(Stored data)
□ □ □ □ □ □ □

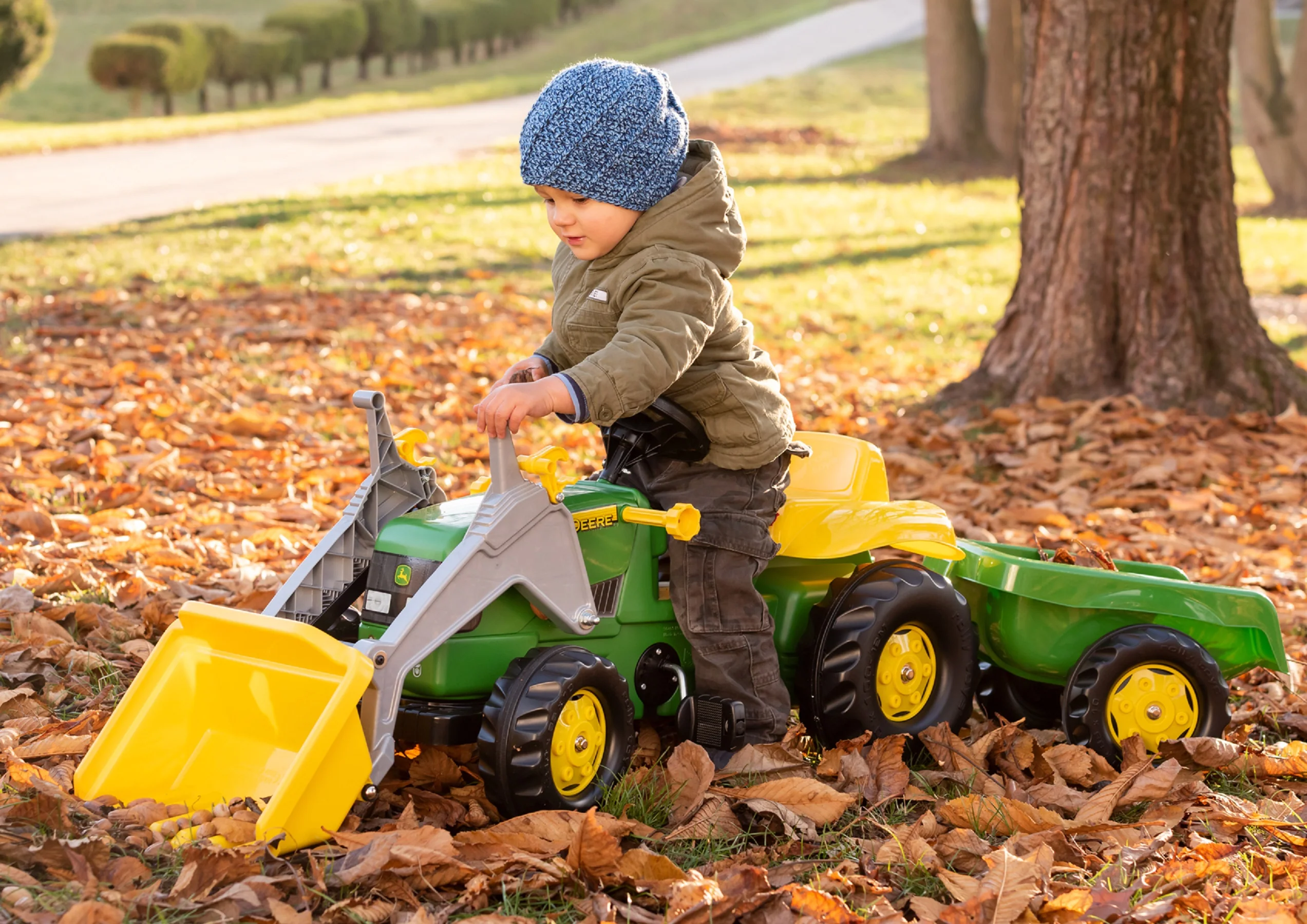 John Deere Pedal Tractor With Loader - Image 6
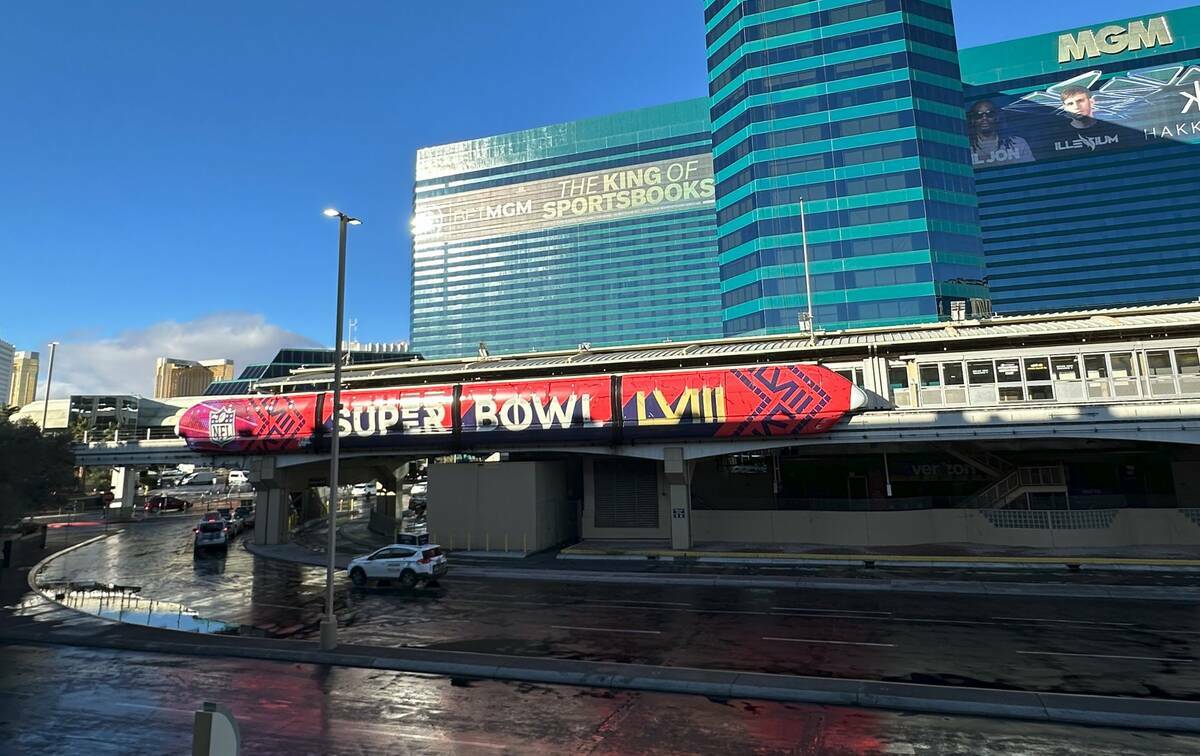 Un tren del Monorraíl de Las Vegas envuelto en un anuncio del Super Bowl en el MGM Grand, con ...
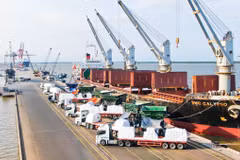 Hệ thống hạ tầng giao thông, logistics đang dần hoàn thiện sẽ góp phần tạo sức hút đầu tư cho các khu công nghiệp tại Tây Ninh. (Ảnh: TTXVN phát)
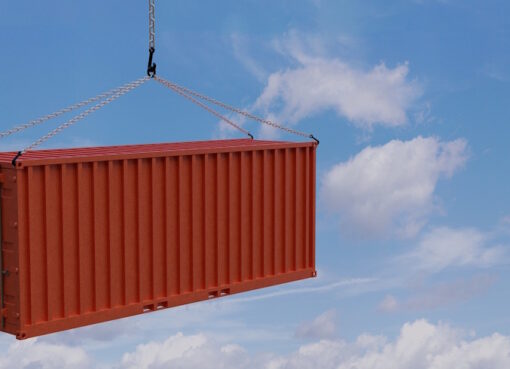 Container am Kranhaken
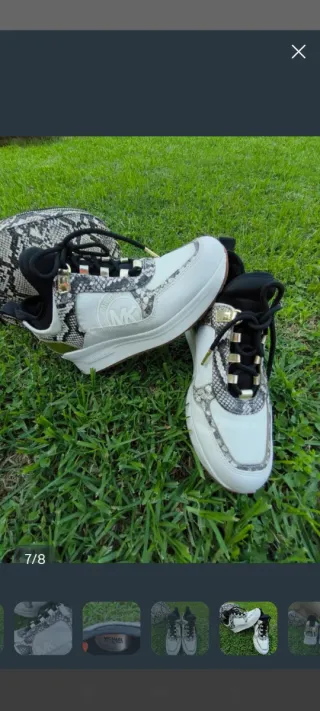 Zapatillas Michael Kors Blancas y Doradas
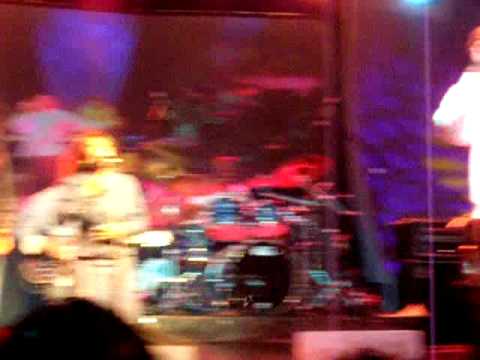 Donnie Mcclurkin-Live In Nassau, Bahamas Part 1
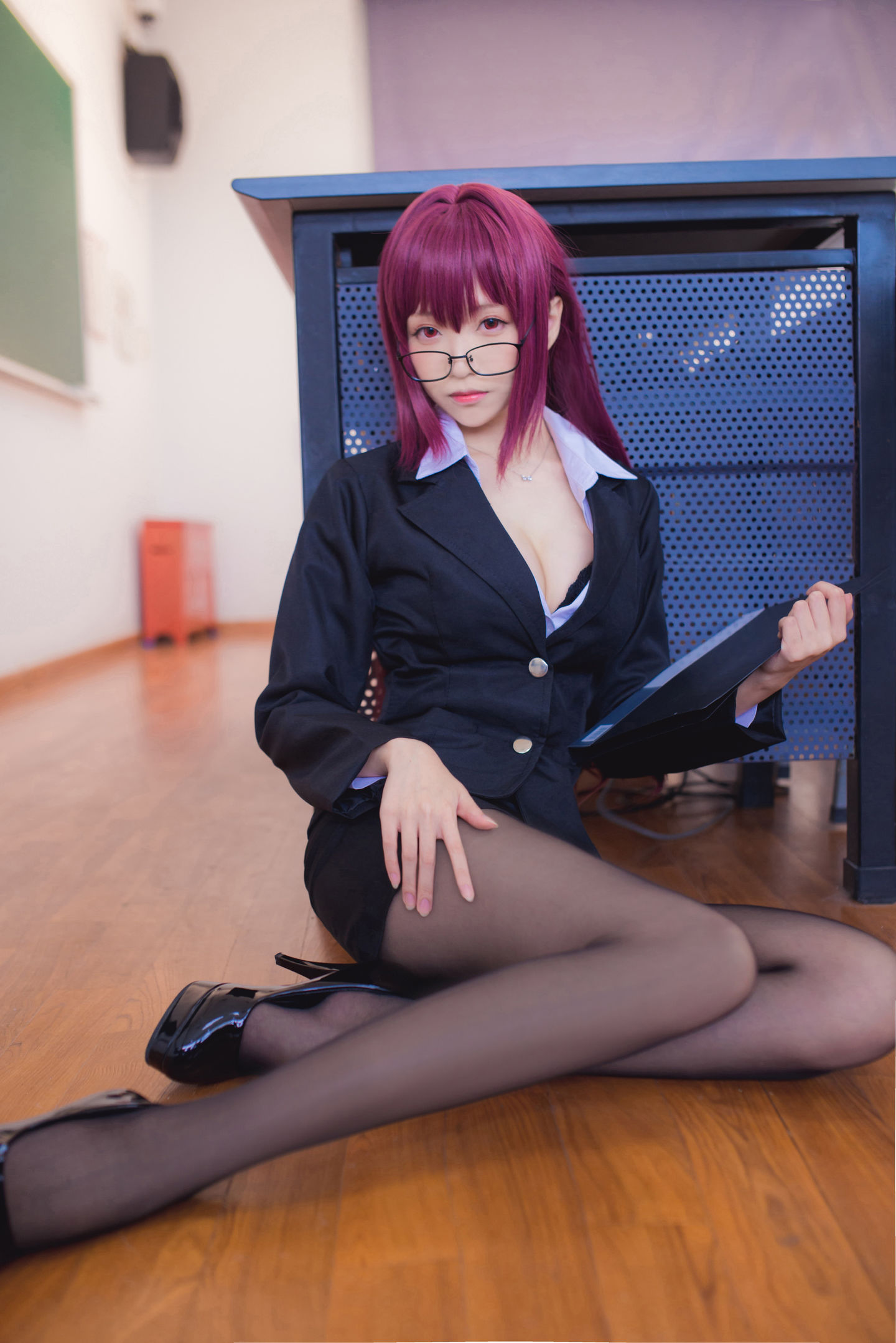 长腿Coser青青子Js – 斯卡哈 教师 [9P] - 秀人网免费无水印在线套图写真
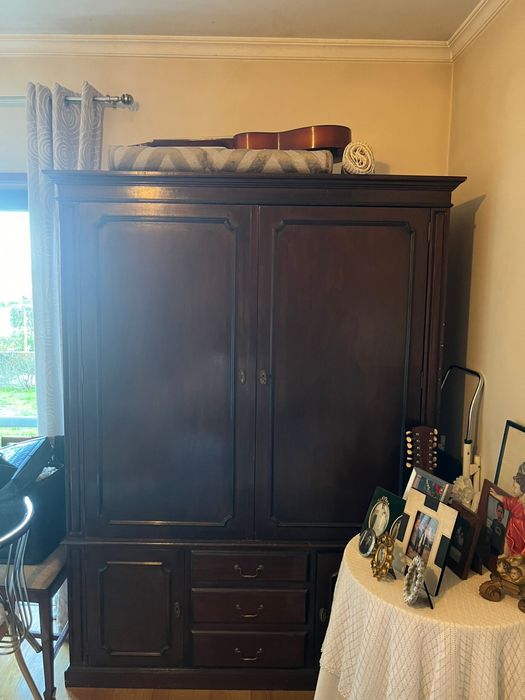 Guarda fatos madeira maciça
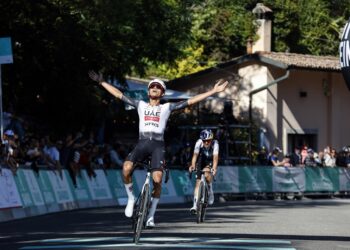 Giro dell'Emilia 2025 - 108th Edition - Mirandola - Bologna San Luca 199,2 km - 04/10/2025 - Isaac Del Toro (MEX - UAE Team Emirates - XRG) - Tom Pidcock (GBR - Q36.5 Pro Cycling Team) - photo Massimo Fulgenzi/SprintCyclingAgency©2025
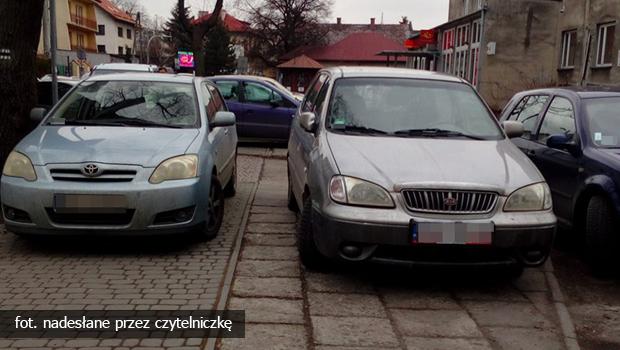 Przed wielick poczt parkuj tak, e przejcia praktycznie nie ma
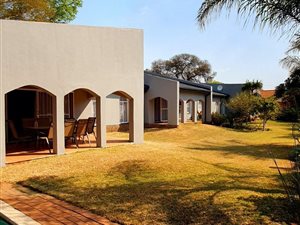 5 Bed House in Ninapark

□ □ □ □ □ □ □

### ACTIVITY
What you return must match the lines from the top of the data through the line with "Hệ thống hạ" exactly, with the pictures removed.

### RESPONSE BOX
 John Deere Pedal Tractor With Loader - Image 6
 Un tren del Monorraíl de Las Vegas envuelto en un anuncio del Super Bowl en el MGM Grand, con ...
 Hệ thống hạ tầng giao thông, logistics đang dần hoàn thiện sẽ góp phần tạo sức hút đầu tư cho các khu công nghiệp tại Tây Ninh. (Ảnh: TTXVN phát)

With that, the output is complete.